“There literally are millions of different
ways of putting it all together,” says Roy, who has a degree in recreation and
has worked in coaching and camping.
He envisions the mobile maze as a fun
apparatus that also teaches important lessons.
“I really want to produce opportunities for
children to learn that they can enjoy things, that they can accomplish things,”
he says.
Challenging the tunnel can help a child to
build confidence. It also exercises the spatial-reasoning parts of the brain.
The tunnels and mazes can turn the tables in gym class, giving small students an
edge over the big, muscular athletes.
The idea started off as a hand-held wooden
puzzle. Roy made a small box out of balsa wood with moveable panels inside.
The idea behind the box was to go through some mental exercise by maneuvering a
ball bearing through the hand-held maze.
“Then I though , ‘What would this be like it
it was life size?’”
He make his first version of the Mobile
Spelunking System out of plywood and let a summer camp try it out. It has been
tested at the camp for two years, he says, “and it’s still a hit.”

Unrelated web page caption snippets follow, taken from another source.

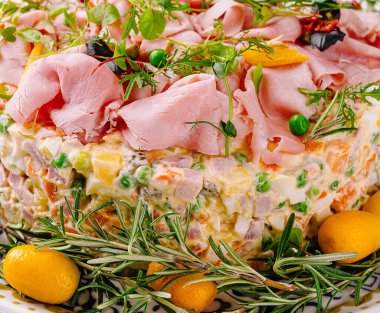 Renkli ve iştah açıcı salata. Beyaz bir arka planda jambon, ot ve kumkatlarla süslenmiş.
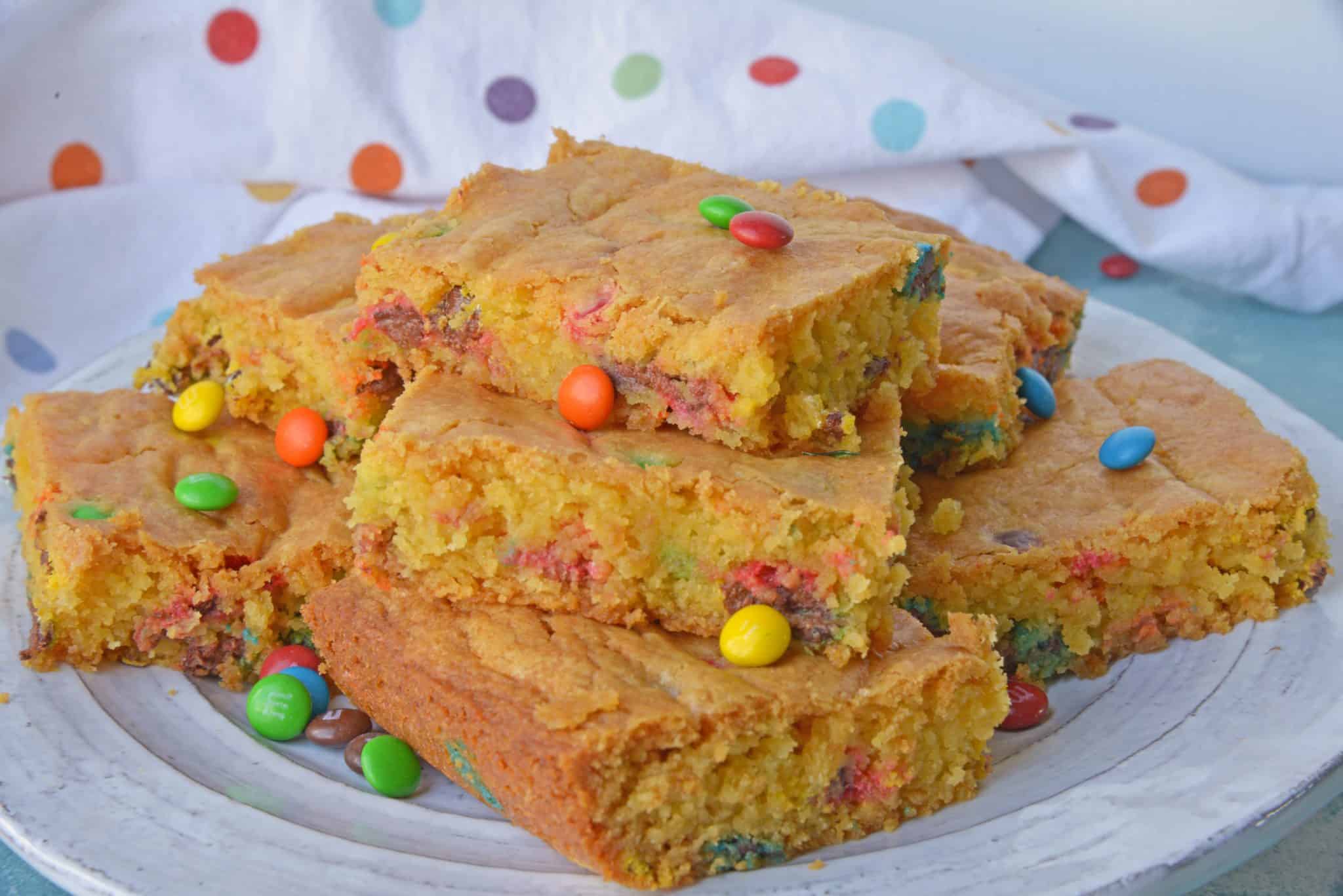 Thick and chewy M&M Cookie Bars are perfect for your cookie exchange, dessert potluck or an after school snack using just a few ingredients! #cookiebars #easydessertrecipes www.savoryexperiments.com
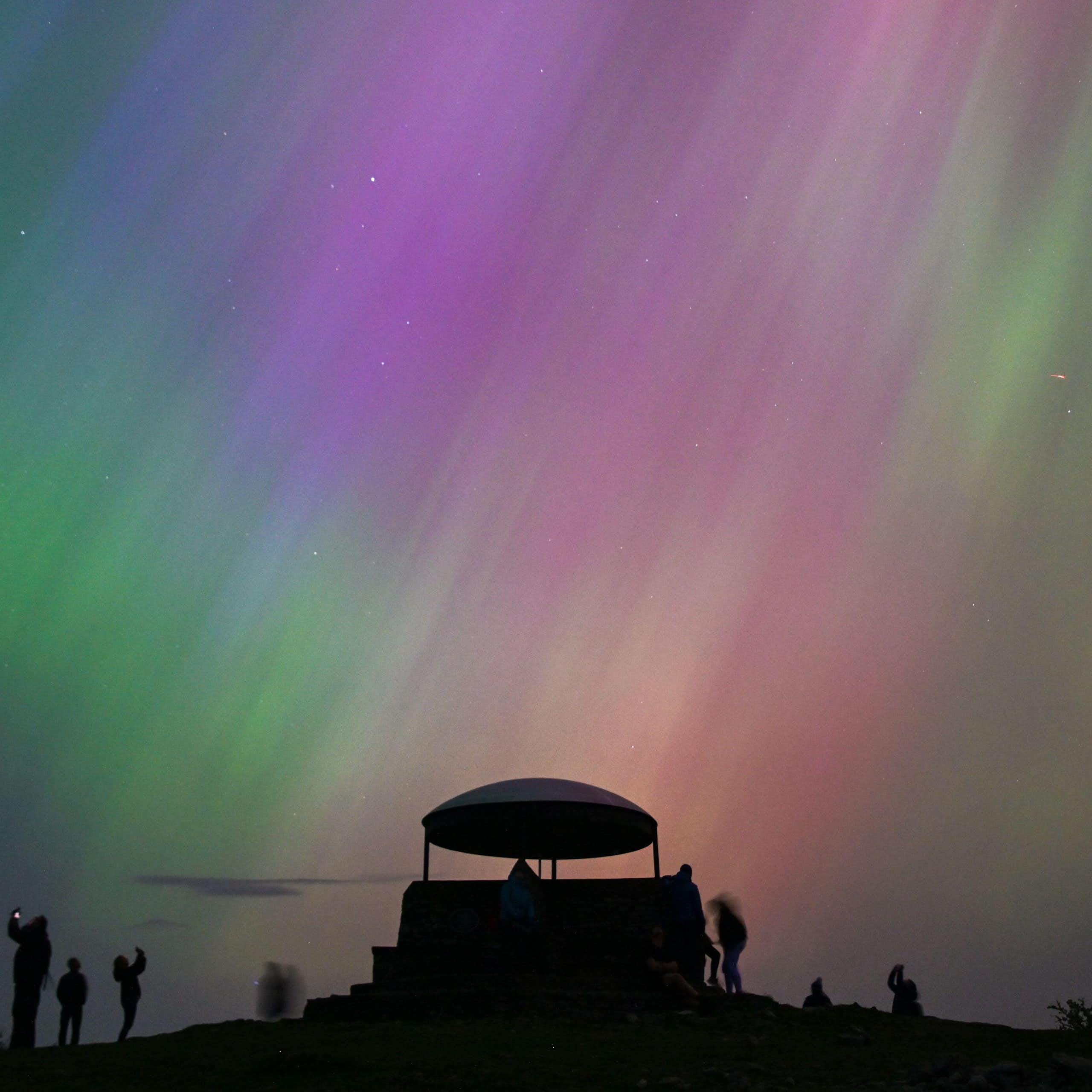 People looking at the Northern Lights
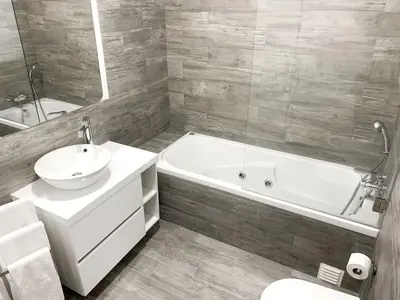 a bathroom with a tub and a sink and a toilet at DIANA BEACH HOUSE in Albufeira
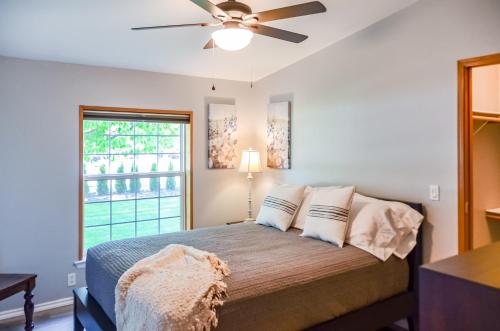 a bedroom with a bed with a ceiling fan at Peak View Corvallis - Spacious Outdoor Dining w/Fire Table - Close to Downtown & OSU in Corvallis
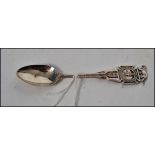 An unusual silver Army Rifle Association teaspoon with decorative and oval bowl. Hallmarks for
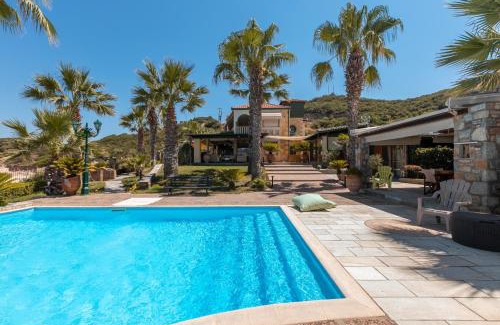 Sarti Apartment | Discover Talizeti Home: Oceanfront Retreat with Pool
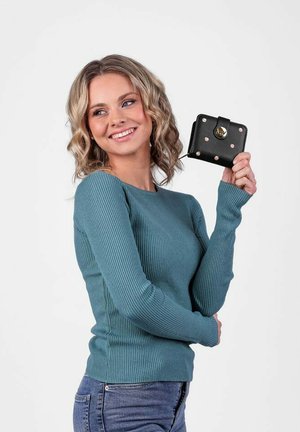 Teal ribbed sweater, long sleeves, fitted silhouette. Model holding a black wallet with round gold hardware and pink studs, against a white background.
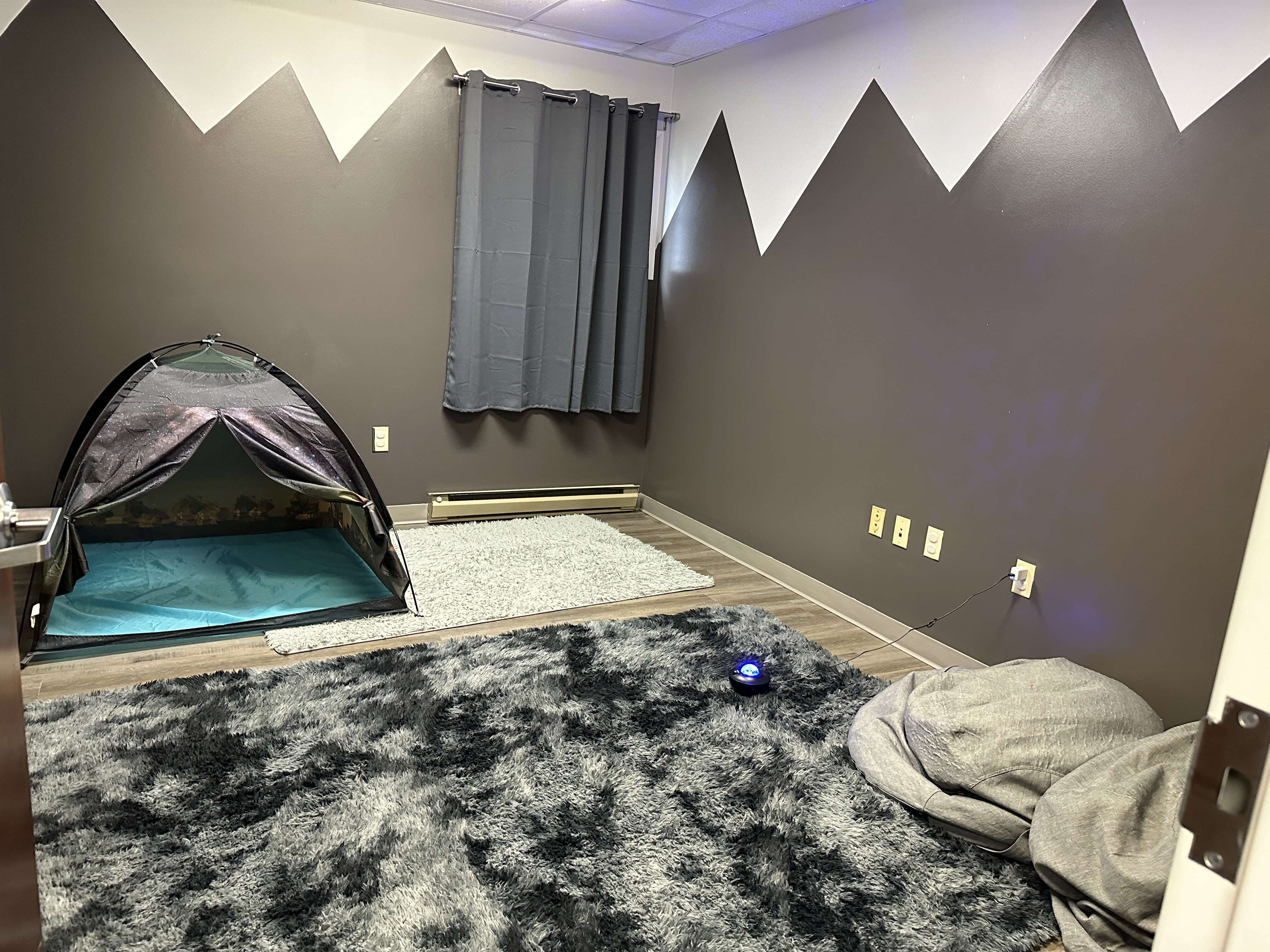Room in the Christiansburg ABA Center featuring a grey carpet, a small tent, and mountains painted on the walls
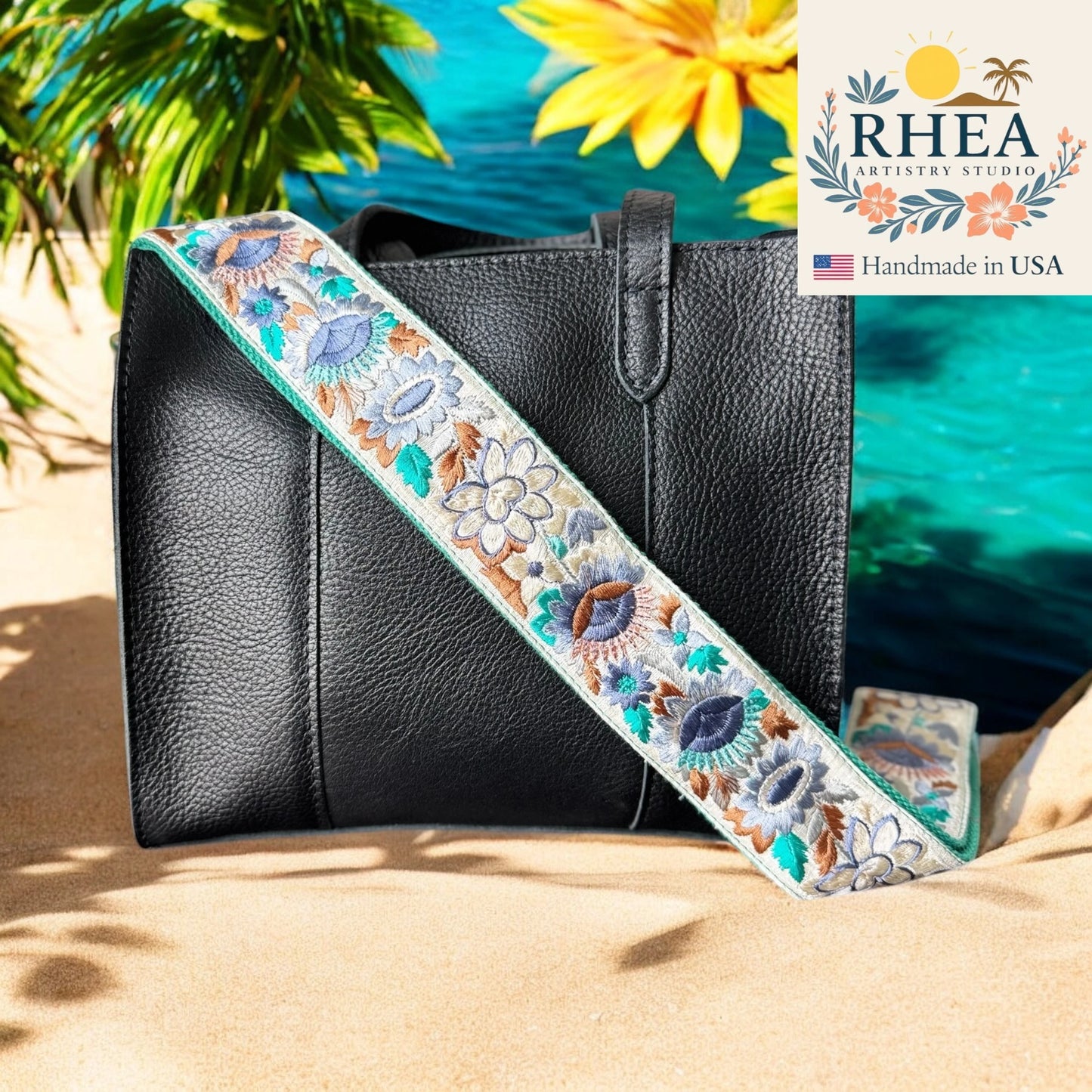 Black handbag with a floral purse strap on sand, flowers, and RHEA Artistry Studio logo.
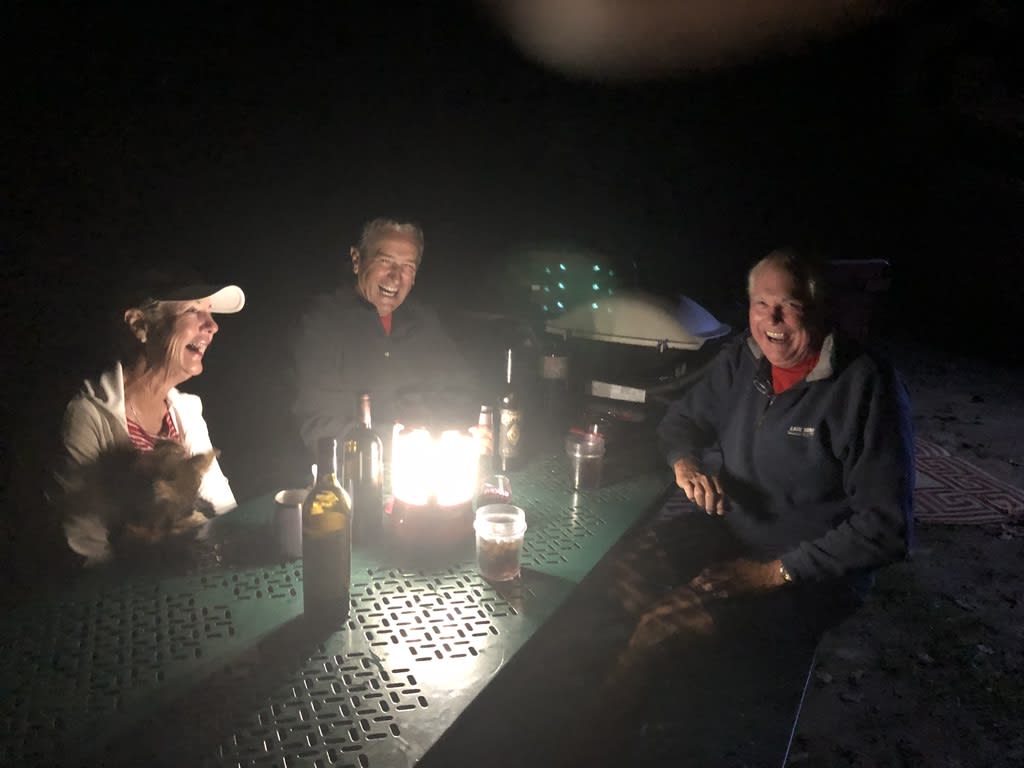 Sandie, Skip and John around the fire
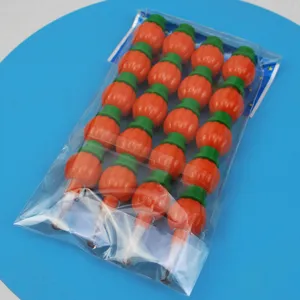 Detail view of the stackable cartoon pumpkin segment pencils in transparent packaging.
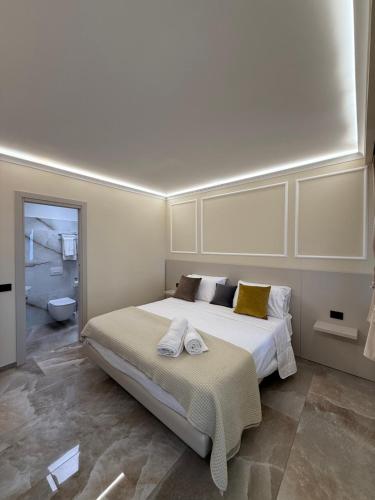 a bedroom with a large bed and a bathroom at Bonocore Accomodation in Tropea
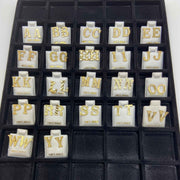 Full inventory display tray containing multiple pairs of gold diamond-cut initial letter stud earrings from A to Y.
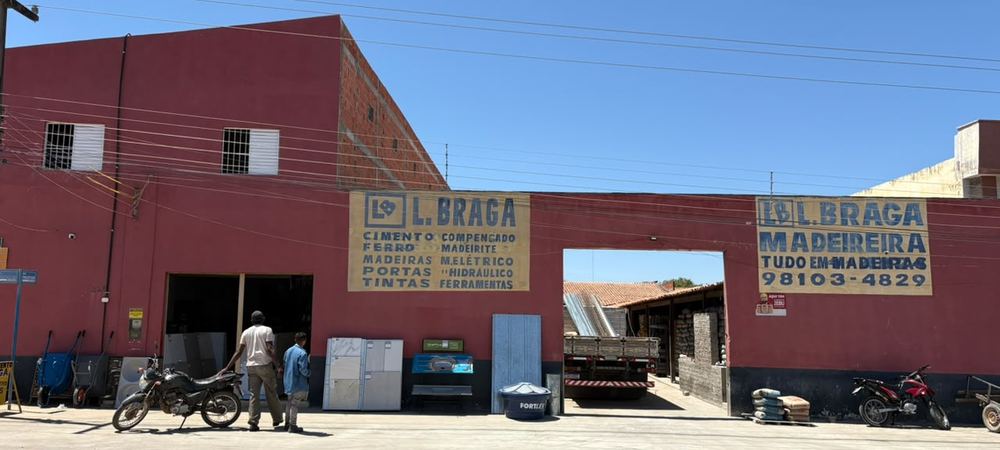 Fachada da loja Santa Luzia: prédio vermelho com letreiros L BRAGA e portão de carga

Once he has his first model complete, he met
with Bairdmore School principal Janice Low and three of her staff,
including phys ed teacher Darrel Dyck, and with Ryerson School principal
Val Burch and phys ed teacher Wayne Scantlebury.
Whatever skepticism there may have been in
the first discussion vanished when teachers saw children crawling through the
tunnels and running back into line for more. Teachers even ventured into the
tunnel. “It exceeded my expectations,” says Roy.
The test run with leadership students at
Fort Richmond gave the inventor a chance to see how older kids respond to a more
challenging configuration.
“It was so much fun,” said Richa Tandon,
one of the first Fort Richmond students to try the maze. Tandon, the smallest
member of her team, helped guide taller teammates through the maze in a
leadership exercise.
Teammate Krysten Leroux sees the
Mobile Spelunking System as a potential hit: “I could picture it at kids’
birthday parties.”
The test runs at the schools are helping
prepare the product for the marketplace. Roy expects to sell the full
eight-foot-cube version to schools and camps for about $7,500, as well as
producing a smaller and less expensive version for back yard use.
He’s looking forward to launching the
product in the marketplace, but to the inventor it’s already been a success.
“I’m a bit of a kid at heart,” he says.
“It was fun putting it together and fun seeing the kids go through it.”